Your journey in Broken Roads, an isometric RPG set in the post-apocalyptic wastes of Western Australia, begins with a test. Akin to the Voight-Kampff of Blade Runner, it poses a series of hypothetical situations and asks how you’d respond. What would you do if you discovered that a man being taken for execution was probably innocent? How would you deal with scavengers looting from a place you found first? How would you treat a captured bandit who raided your home? Each of your answers is plotted on a literal moral compass, a persistent and permanent mechanic that will shape your character’s worldview across the next 25 or so hours.

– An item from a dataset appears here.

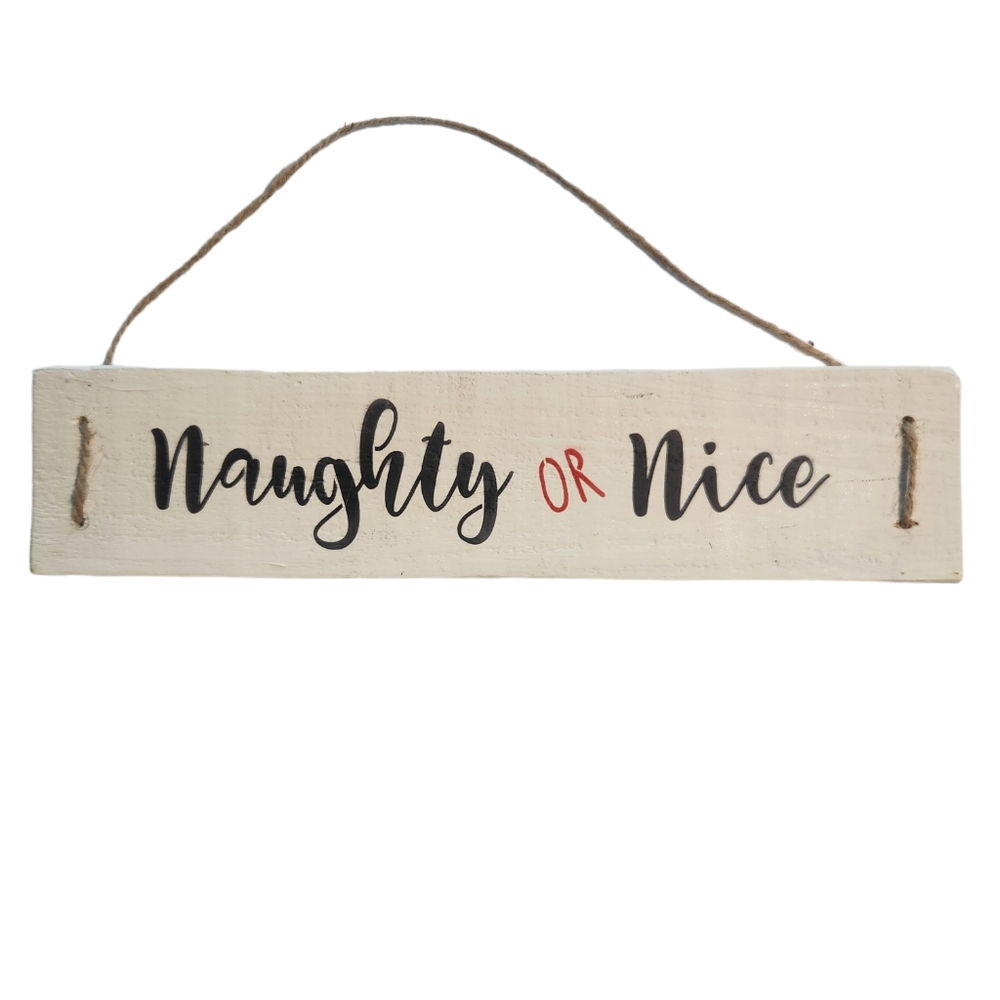 Naughty Or Nice Boho Retro Antique White Hanging Wood Wall Sign with Jute Decor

That compass is split into four segments - humanist, utilitarian, nihilist, and Machiavellian - and your location on that spectrum dictates what dialogue and actions your protagonist can perform. A humanist character, for instance, will be locked out of saying the most heinous responses simply because they’d never consider saying them. But experiences shape us, and your character’s worldview can gradually shift over time. A utilitarian could slowly find their heart and become a humanist, or slip down a slope of manipulation and end up a Machiavellian. Sometimes your world view widens to take in multiple perspectives, opening up more dialogue options. Other times it will narrow, locking out options but also granting you special abilities that pay off your dedication to a specific worldview.
That is the promise from Australian developer Drop Bear Bytes, at least.